Sidwell Friends, which received a $5.2 million loan, has an endowment of roughly $50 million. John Burroughs School near St. Louis, which qualified for a $2.55 million loan, has an endowment of more than $50 million.
The Pingry School, with campuses in Short Hills and Basking Ridge, N.J., and a roughly $80 million endowment, confirmed that it qualified for the program but did not disclose a loan amount. Nor did St. Andrew’s Episcopal, which indicated in a 2017 tax filing that its endowment was about $9 million.
Ginger Imster, the director of advancement and external affairs at John Burroughs, said on Friday that having “been approved and in receipt of the loan, it is our belief that we’re using the funds as intended.”
She said that large portions of the school’s investment income was restricted from being used for staff salaries — a concern echoed by some other institutions — and that the loan would also help the school meet the financial aid needs of students.
“Until there is a vaccine, this is our new normal,” she said. “We’re doing our level best to make use of the resources available to us, including low-interest loans.”
Many of the schools that intend to keep the money argue that they need it to continue paying teachers and staff. Some private schools are the largest employer in their towns.
In light of the pandemic, the schools said, donations are dwindling and a potential drop-off in enrollment is expected. Summer camps and other sources of revenue have been canceled.

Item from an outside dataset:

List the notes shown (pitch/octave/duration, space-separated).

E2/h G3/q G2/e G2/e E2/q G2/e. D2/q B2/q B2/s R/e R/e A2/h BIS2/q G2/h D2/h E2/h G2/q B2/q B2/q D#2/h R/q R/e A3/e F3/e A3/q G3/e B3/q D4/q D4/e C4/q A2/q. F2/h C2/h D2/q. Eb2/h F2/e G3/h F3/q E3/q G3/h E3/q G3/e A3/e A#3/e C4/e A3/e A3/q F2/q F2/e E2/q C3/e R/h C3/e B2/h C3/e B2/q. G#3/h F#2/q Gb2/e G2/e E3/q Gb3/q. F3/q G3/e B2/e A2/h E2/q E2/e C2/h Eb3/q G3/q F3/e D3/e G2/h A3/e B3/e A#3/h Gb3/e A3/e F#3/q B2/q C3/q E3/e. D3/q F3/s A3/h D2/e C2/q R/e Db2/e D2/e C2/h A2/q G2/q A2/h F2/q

Endowments are shrinking as well.
“I think most people see the beautiful campuses of independent schools, but they don’t see what goes into keeping the organizations afloat,” said Myra McGovern, a spokeswoman for the National Association of Independent Schools, a trade group. “Independent schools are nonprofits, not moneymaking ventures. And most schools are very, very small. The majority of schools do not have any endowment.”
While the Trump administration has celebrated the S.B.A. program as a lifeline for needy small businesses, the government has also pushed large public companies with access to other sources of capital to return the loans. More than 25 public and private firms, from the burger chain Shake Shack to auto dealers like Penske Automotive Group, have disclosed that they returned the funds.
Some prep schools followed suit. The Latin School of Chicago, the Middlesex boarding school near Boston and Episcopal High School in Alexandria, Va., all opted not to receive loans or returned the funds.